Ada yang menepuk pundakku. Aku berbalik dan melihat Lucien, cowok yang bertemu denganku di lift tadi pagi. Dia membawa nampan yang berisi seporsi jumbo spagetti dan latte.

"Halo!" balasku. "Kita ketemu lagi!"

"Boleh kan aku duduk di sini?"

Aku mengiyakan. Reo mengangguk sambil lalu. Hanna Hutabarat dan Emma Cahyadi baru saja muncul di belakangnya. Kedua cewek itu tersedu-sedu karena nggak sekelas lagi dengan Reo.

"Jadi kamu betulan di kelas sebelas Tesla, kan?" tanya Lucien sambil menyeruput latte-nya.

"Iya. Eh, kamu belum bilang kamu di kelas apa."

Lucien menjilat krim yang menempel di bibir atasnya. "Coba tebak!"

"Sebelas Newton? Atau sebelas Einstein?"

Lucien menggeleng dan nyengir menggoda.

"Atau kamu anak IPS? Sebelas Adam Smith?"

"Anda belum beruntung," kata Lucien usil. "Silakan mencoba lagi."

Hanya ada enam kelas sebelas. Aku menyebutkan dua kelas IPS yang lain, tapi Lucien masih menggeleng-geleng serius.

"Jangan-jangan kamu kelas dua belas?" tebakku. "Kamu senior baru, ya?"

"Wah, kamu pikir ini novel Wattpad," Lucien terkekeh. "Ayo coba lagi. Masa menyerah?"

"Lucien? Kamu di sini?"

Sebelum aku sempat menyahut, Toni si murid baru yang berasal dari Prancis itu mendatangi meja kami. Carl mengikutinya sambil membawakan satu nampan berisi makanannya dan pesanan Reo.

"Aku ketemu Toni saat mengantre," Carl memberitahuku. Toni sedang berkenalan dengan Reo. Hanna dan Emma melengos pergi dengan tampang terhina. "Kami mengobrol sebentar. Dia tanya apa boleh gabung di meja kita karena meja yang lain penuh. Aku bilang silakan aja."

"Aaaah!" Lucien mendesah kecewa dan menunjuk Toni. "Harusnya lo jangan ke sini dulu. Gue lagi main tebak-tebakkan nih sama Jennifer!"

"Lho?" mata cokelat gelap Toni bergulir padaku. "Kalian udah saling kenal?"
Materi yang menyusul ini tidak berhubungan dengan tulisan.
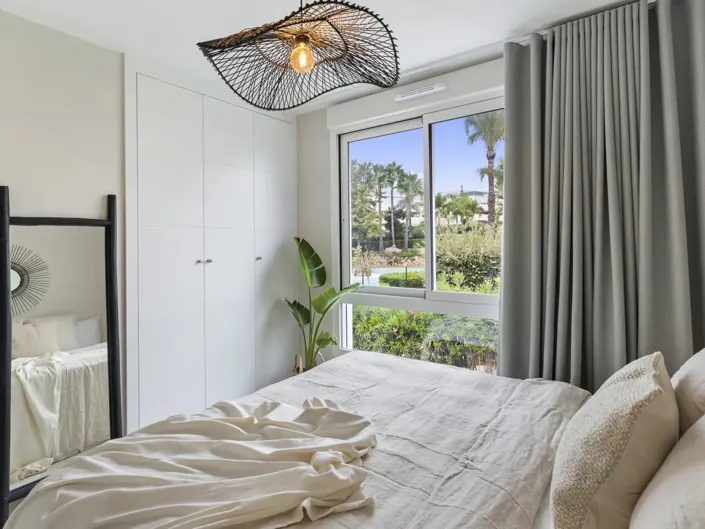 Image No.9-5 Bed Property for sale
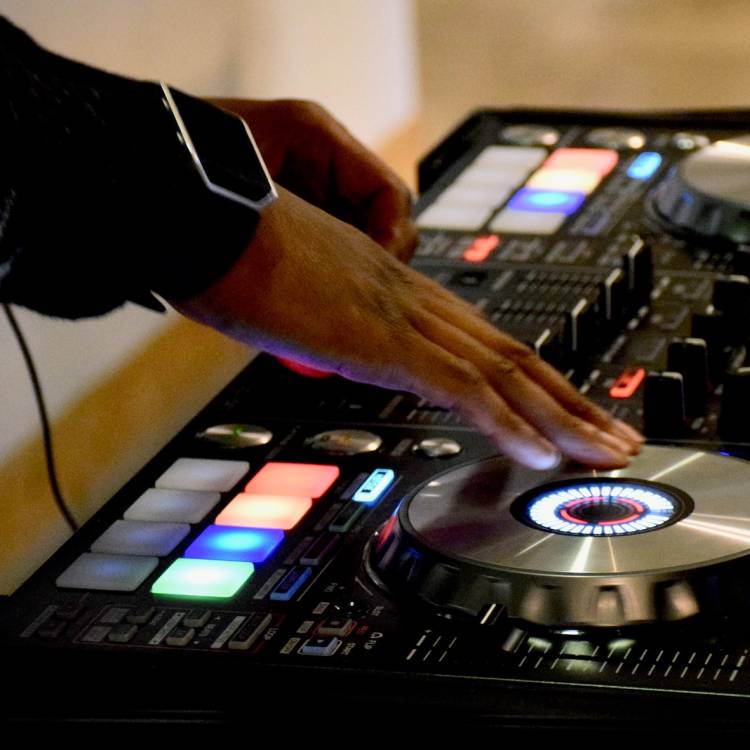 6 Reasons to Hire a Corporate Events DJ for Your Event
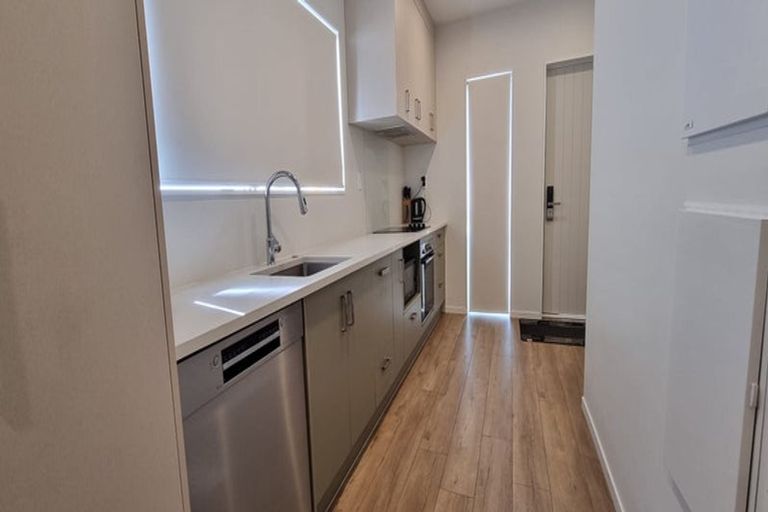 Photo of property in 19 Kaimai Avenue, Massey, Auckland, 0614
"Ketemu tadi pagi di lift," kata Lucien sok akrab. "Kalian berdua sekelas, kan?"

"Wah, dunia yang sempit," kata Toni "Apa Carl dan Reo juga udah kenal sama elo, Lucien?"

"Belum, belum! Makanya jangan dikasih tahu!"

Toni mendecak dan tertawa kecil seperti orangtua yang menertawakan anaknya yang lucu. "Teman-teman, kenalin: Lucien Darmawangsa..." Toni menjenggut dagu Lucien yang cemberut. "Dia adikku. Dia masih kelas sepuluh." 


---

*Michelin Star: Salah satu penghargaan bergengsi di bidang kuliner. Biasanya diberikan bagi chef yang sangat berdedikasi dan punya jam terbang yang tinggi.